The controls themselves are easy to learn and work well. You’ll be hopping across gaps, sliding under logs, and attacking snakes with ease. The game changes from 2D to 3D arbitrarily which may seem annoying but actually leads to a variation that brings the game from verging on boring since it changes your experience of the one track. Since you’re running on the same track over and over again, people could memorize and beat it easily if this change didn’t occur. The added dimensional shifts brings more difficulty and diversity to the one track. The problem with the dimensional shift is, in 3D, the camera is right behind “Harry” so it’s hard to see and gauge depth. So, you may think a pile of rocks is farther than it is and jump too late and revert back to the starting point.

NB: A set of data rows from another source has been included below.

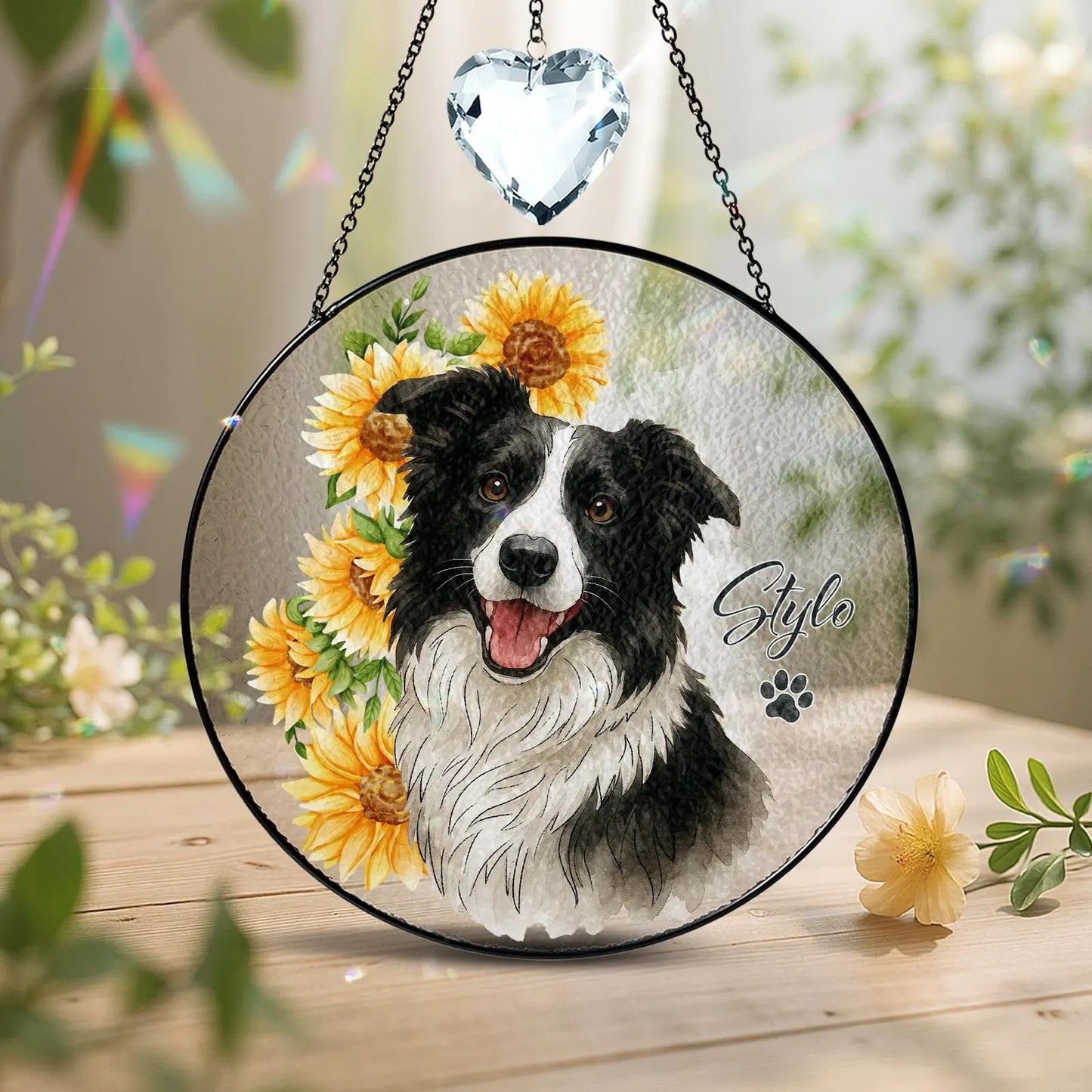 Netecom Personalized Pet Portrait Stained Glass Suncatcher – Custom Pet Memorial Gifts for Dogs and Cats, Handmade Pet Sympathy Window Hanging, Pet Remembrance Keepsake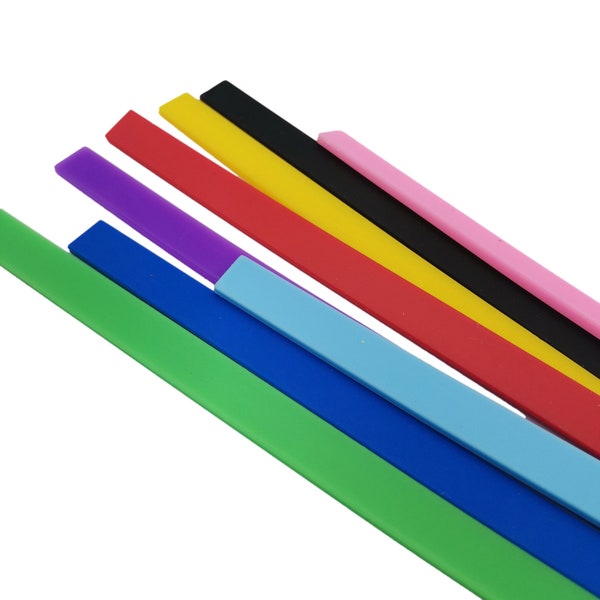 ShapesbyX 4 Pieces 10mm Wide Silicone Wristband 10mmx3mm for Bracelet Making Rubber Strip 3mm Thickness GF10M171-2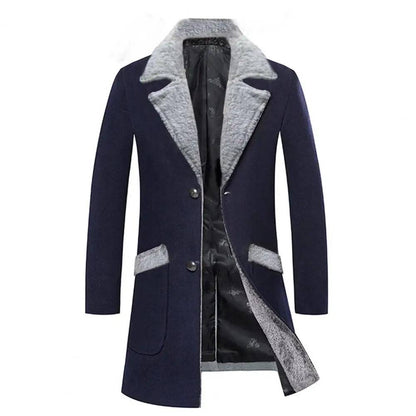 Men Single-breasted Washable Thick Turn-down Collar Woolen Jacket - Xmaker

This altering of the dimensions often develops lag as well. I experienced this lag every few times the dimensions changed. This forced me to fail early on in the track which dashes any hopes for me to reach the goal or even the first checkpoint.
Speaking of checkpoints, you need to buy them in an online store. Activision was nice enough to give you some credit to purchase items just for buying the game but the rest either costs real money or a lot of silver bars (which you collect throughout the game). These checkpoints are pivotal and makes me think that they were purposefully taken out of the game in order to prolong its life. It’s hard, especially with the lag, to finish the course in one run with no checkpoints and to goad more money out of people’s pockets. The store also holds things such as coins to use to get the one checkpoint given to the player, extra lives, upgrades for you to hold more lives, and different outfits. Overall, unless you’re amazing at running games, you’ll need a lot of this stuff to beat the game.
The graphics in Pitfall! are adequate. They serve the purpose. The environments vary as you progress through the course but not often enough. You’ll jump over the same rock formations countless times. The enemies also blend in with the ground and have nothing that separates them from anything else in the game so recognizing them is challenging and can lead in death.
The sounds are generic. Light music plays as you hop along the course and the opening cinematic has some funny sounds and seems like the only place where real effort was brought in this department.